I have documents with the same ids (guid) split across indices in my system. When a search is run across indices, I join them in my client code. This is done using IDs queries: IDs | Elasticsearch Guide [8.13] | Elastic

The indices are millions of documents at times, sometimes over 50gb a pop, but there are 5 shards per index and multiple nodes and 31gb of ram dedicated to the jvms.

The ID queries are sometimes hundred of thousands of guid ids.

Using the query profiler in Kibana, I found the build_scorer in TermInSetQuery was 99-100% of the bottleneck in each search request. I don't need scoring, and I saw here: Sort search results | Elasticsearch Guide [8.13] | Elastic that scoring can be disabled by adding a sort, and then I saw some people achieve this by sorting on the _doc, but adding this doesn't change performance or what the profiler tells me. The build_scorer is still the bottleneck.

I saw TermInSetQuery seems to be a Lucene thing, so perhaps sorting on the request level in Elasticsearch doesn't affect what's going on in Lucene?

I tried Constant score query | Elasticsearch Guide [8.13] | Elastic and filters in general as well for the IDs query, no luck. Still computes the score in the profiler breakdown.

1 Like

Scoring shouldn't be too expensive to run, but you've listed the options available at search time. For example:

PUT score_test/_doc/abc
{ 
  "field": "foo"
}
PUT score_test/_doc/def
{
  "field": "bar"
}
PUT score_test/_doc/ghi
{
  "field": "baz"
}

GET score_test/_search
{
  "query": {
    "ids": {
      "values": ["abc", "def" ]
    }
  }
}


GET score_test/_search
{
  "query": {
    "bool": {
      "filter": [
        {
          "ids": {
            "values": [
              "abc",
              "def"
            ]
          }
        }
      ]
    }
  }
}

You could also consider using the get API for each single doc ID. That will get the document and will not return search results.

As I could have 100k document ids, I think executing 100k GET requests would be worse than waiting the 10 seconds~ currently. What I don't understand is why is it saying it's computing the score when I'm telling it not to.

Are you requesting 100K IDs in the request? I suspect the score is a red herring and it's simply the number of IDs you're requesting at once that's causing your performance bottleneck.

I am indeed requesting 100k ids in the IDs query. I would hope this wouldn't be a problem, as that's only 3.6mbs of data.

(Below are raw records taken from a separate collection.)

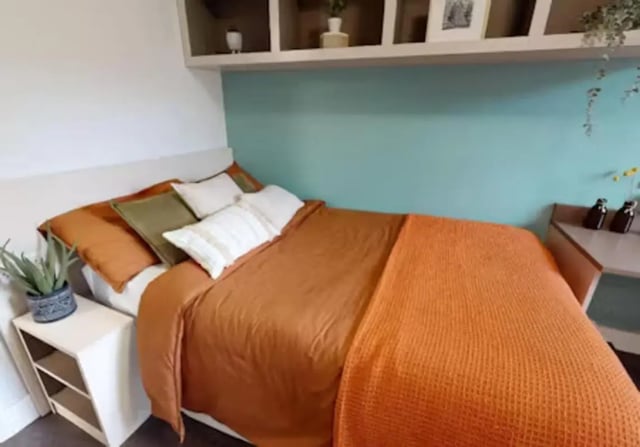 Bed with orange bedding and pillows bedroom at iQ Twerton Mill in Bath Student Accommodation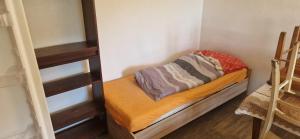 a small room with a bunk bed and a ladder at Nová Paka 1402 in Nová Paka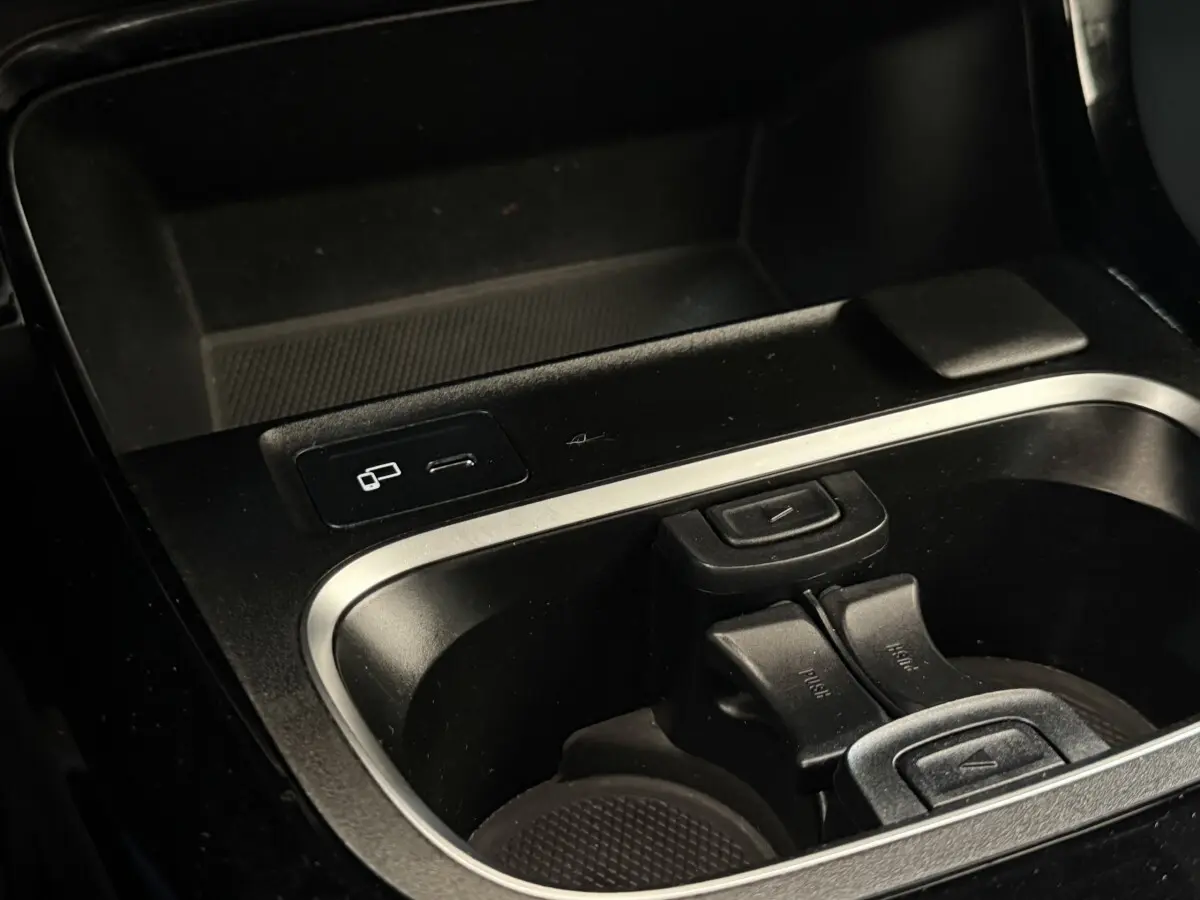 Gros plan sur la console centrale noire de la Mercedes Classe A 180 d Business Line avec prises USB et porte-gobelets.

I use a IDs query for the documents in the other index so I can apply sorting and get source fields from the main index.

If it's a red herring, then that's very unfortunate, because I don't know how to fix the problem.

If it's a bug with how the Lucene method is being used, I was thinking about forking Elasticsearch, investigating, and making a PR to fix that or at least opening an issue on the Elasticsearch github.